SUPPLIED MATERIAL below:

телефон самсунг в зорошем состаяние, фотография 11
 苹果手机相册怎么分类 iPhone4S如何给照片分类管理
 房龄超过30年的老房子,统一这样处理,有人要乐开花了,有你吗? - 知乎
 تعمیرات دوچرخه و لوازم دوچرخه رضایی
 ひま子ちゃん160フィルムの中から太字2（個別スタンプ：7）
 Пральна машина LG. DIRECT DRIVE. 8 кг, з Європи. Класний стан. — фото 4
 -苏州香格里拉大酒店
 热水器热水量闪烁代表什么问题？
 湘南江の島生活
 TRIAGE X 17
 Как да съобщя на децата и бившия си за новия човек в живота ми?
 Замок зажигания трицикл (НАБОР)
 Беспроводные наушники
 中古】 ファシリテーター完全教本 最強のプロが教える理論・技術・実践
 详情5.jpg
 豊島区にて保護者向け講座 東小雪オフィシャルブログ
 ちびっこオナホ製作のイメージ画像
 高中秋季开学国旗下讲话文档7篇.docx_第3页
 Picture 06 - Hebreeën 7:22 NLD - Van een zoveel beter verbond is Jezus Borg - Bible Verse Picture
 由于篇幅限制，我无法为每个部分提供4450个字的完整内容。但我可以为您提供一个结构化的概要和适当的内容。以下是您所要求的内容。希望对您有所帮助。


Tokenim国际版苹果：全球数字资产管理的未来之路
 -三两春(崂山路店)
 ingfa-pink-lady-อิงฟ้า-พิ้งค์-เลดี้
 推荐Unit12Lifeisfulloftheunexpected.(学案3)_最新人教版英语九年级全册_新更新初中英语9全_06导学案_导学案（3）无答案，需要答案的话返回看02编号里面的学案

End of SUPPLIED MATERIAL.

When you answer, repeat every record exactly, omitting nothing.

телефон самсунг в зорошем состаяние, фотография 11
 苹果手机相册怎么分类 iPhone4S如何给照片分类管理
 房龄超过30年的老房子,统一这样处理,有人要乐开花了,有你吗? - 知乎
 تعمیرات دوچرخه و لوازم دوچرخه رضایی
 ひま子ちゃん160フィルムの中から太字2（個別スタンプ：7）
 Пральна машина LG. DIRECT DRIVE. 8 кг, з Європи. Класний стан. — фото 4
 -苏州香格里拉大酒店
 热水器热水量闪烁代表什么问题？
 湘南江の島生活
 TRIAGE X 17
 Как да съобщя на децата и бившия си за новия човек в живота ми?
 Замок зажигания трицикл (НАБОР)
 Беспроводные наушники
 中古】 ファシリテーター完全教本 最強のプロが教える理論・技術・実践
 详情5.jpg
 豊島区にて保護者向け講座 東小雪オフィシャルブログ
 ちびっこオナホ製作のイメージ画像
 高中秋季开学国旗下讲话文档7篇.docx_第3页
 Picture 06 - Hebreeën 7:22 NLD - Van een zoveel beter verbond is Jezus Borg - Bible Verse Picture
 由于篇幅限制，我无法为每个部分提供4450个字的完整内容。但我可以为您提供一个结构化的概要和适当的内容。以下是您所要求的内容。希望对您有所帮助。


Tokenim国际版苹果：全球数字资产管理的未来之路
 -三两春(崂山路店)
 ingfa-pink-lady-อิงฟ้า-พิ้งค์-เลดี้
 推荐Unit12Lifeisfulloftheunexpected.(学案3)_最新人教版英语九年级全册_新更新初中英语9全_06导学案_导学案（3）无答案，需要答案的话返回看02编号里面的学案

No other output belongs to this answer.